We ordered the Guacamole Verde with a side of grasshoppers, which the restaurant imports from Oaxaca (through a family connection of one of the owners, our waitress said). They showed up at our table in a porcelain bowl and tasted slightly of garlic and lime, with a trace of salt. I had never (intentionally) eaten bugs before, but these were delightful. We also had the Queso Flameado appetizer, a cheese dish from the Chihuahua region served in a cast-iron pan. It contains Huitlacoche among its ingredients—mushroomy little black beads of fungus that have been regarded as a delicacy since the Aztec Empire.
For entrees, we had the Puerco con Frijol [pork and beans] and three Cochinita Pibil tacos (pork prepared with an ancient Mayan technique). The pork and beans platter was colorful and artfully laid out; the black bean’s creamy texture complemented the chewy meat and the red onion’s faint tang offset the pork’s saltiness. For dessert, I ordered the goat’s milk rice pudding, which was amazing. The entire meal cost $85.
Placing Calavera’s approach to food in the context of California’s colonial history reveals that it is making an important critique. Utilizing pre-Hispanic culinary practices in an informed, sensitive way in the middle of the Bay Area, which is an engine of the global economy, suggests that America’s original peoples and European-Americans could have a more equitable relationship. That is, if original peoples’ food can receive a dignified treatment in the belly of the beast, then why not original peoples themselves? The restaurant’s use of bugs and fungi amplifies this. These ingredients are totally forbidden in American cuisine, but Calavera shows that they can be delectable if employed properly. This underscores the irrationality of America’s fears of nature and “the other,” which have been integral to its violent colonial rages.
However, Calavera could have helped us understand how this cuisine reaches Oakland. Oaxaca is bitterly poor and large numbers of Oaxacans survive by selling the state’s food practices to wealthy foreigners. There are scores of cooking schools, culinary tours, and “authentic” eateries there as well as a huge industry focused on exporting local gastronomic expertise and ingredients. In this sense, Oaxaca’s poverty produces Oaxacan cuisine as a global commodity. Unfortunately, Calavera does not acknowledge this in its menu or decor. It could have informed us that many Oaxacans eat grasshoppers as an inexpensive source of protein because they cannot afford meat or eggs and it also could have noted that the FDA found dangerous levels of lead in them—these things would have highlighted the state’s grave economic and environmental problems. At the very least, it could have mentioned Mexican food justice campaigns and cooperatives.

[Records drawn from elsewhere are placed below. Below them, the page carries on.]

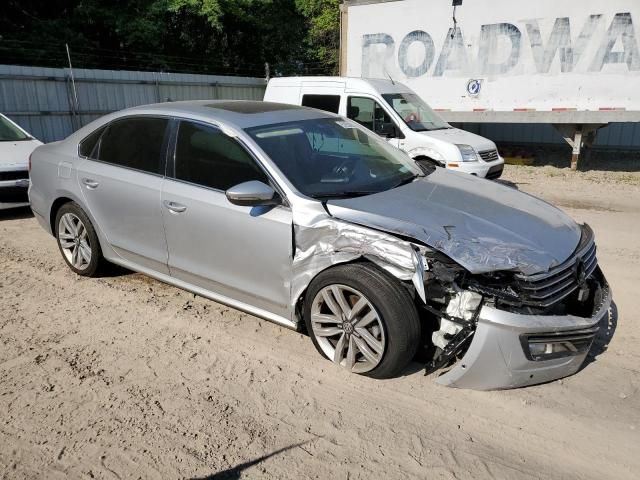 2016 Volkswagen Passat SEL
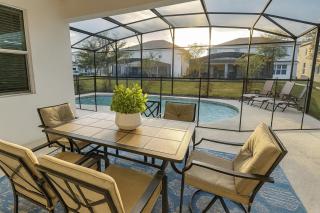 2612 LunaPi Villa 7Bd Private Pool and Family Room - 9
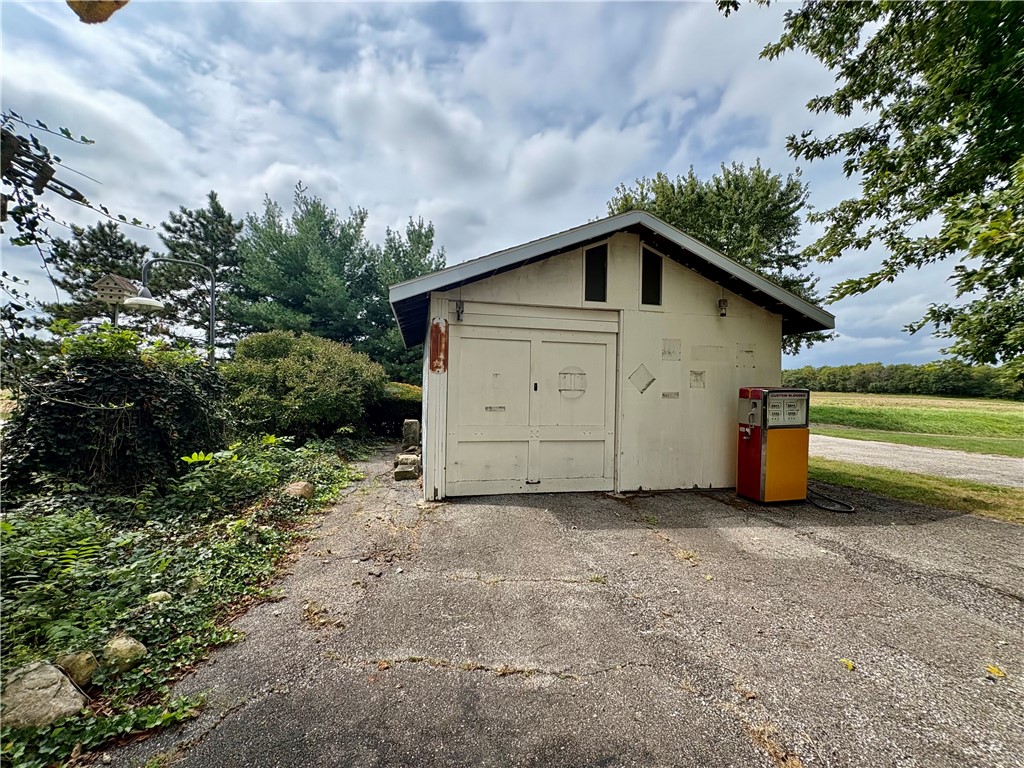 3500 160 Road Property Photo 15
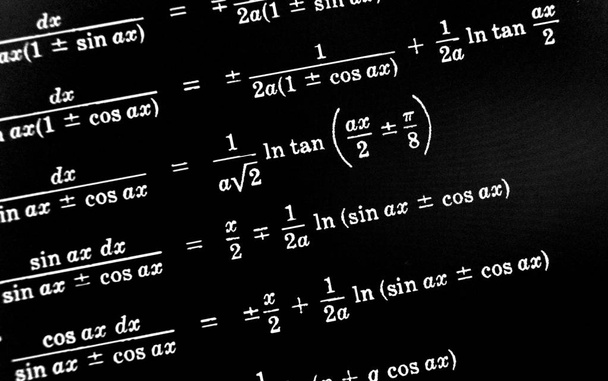 Grand nombre de formules mathématiques sur fond noir
 - Photo, image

Like a song or a novel, a restaurant can help us think through complicated and painful issues. Calavera does this in a tasty but flawed way. Luz Calvo and Catriona Rueda Esquibel, both of Oakland, explore similar questions in their Decolonize your Diet, a new cookbook that argues for an activist use of “traditional” Mexican foods. Although there are major differences between their book and Calavera, both underscore the importance and possibilities of linking politics to food.